Input data
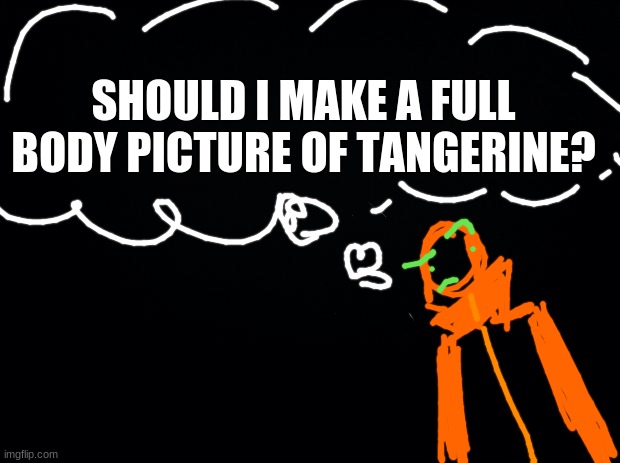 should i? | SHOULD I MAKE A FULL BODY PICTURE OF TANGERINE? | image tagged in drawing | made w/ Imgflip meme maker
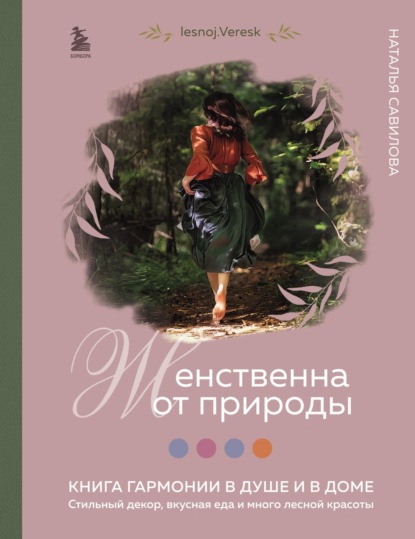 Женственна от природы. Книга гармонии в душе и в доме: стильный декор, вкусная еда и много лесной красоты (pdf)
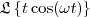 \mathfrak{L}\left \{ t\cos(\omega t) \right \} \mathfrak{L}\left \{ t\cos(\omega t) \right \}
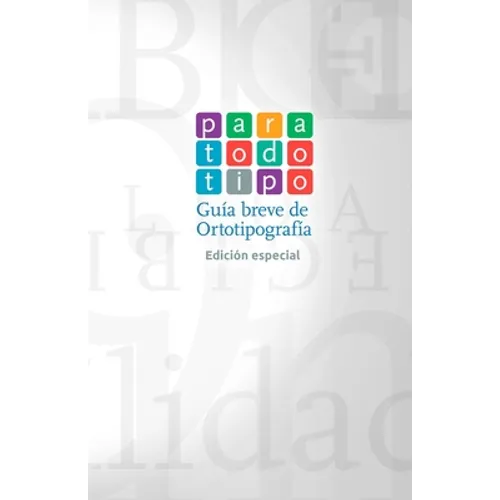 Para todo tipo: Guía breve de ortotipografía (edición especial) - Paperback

Aim of the exercise
Omit each picture, then return all of the listing exactly as it stands.

Response below
 should i? | SHOULD I MAKE A FULL BODY PICTURE OF TANGERINE? | image tagged in drawing | made w/ Imgflip meme maker
 Женственна от природы. Книга гармонии в душе и в доме: стильный декор, вкусная еда и много лесной красоты (pdf)
 \mathfrak{L}\left \{ t\cos(\omega t) \right \} \mathfrak{L}\left \{ t\cos(\omega t) \right \}
 Para todo tipo: Guía breve de ortotipografía (edición especial) - Paperback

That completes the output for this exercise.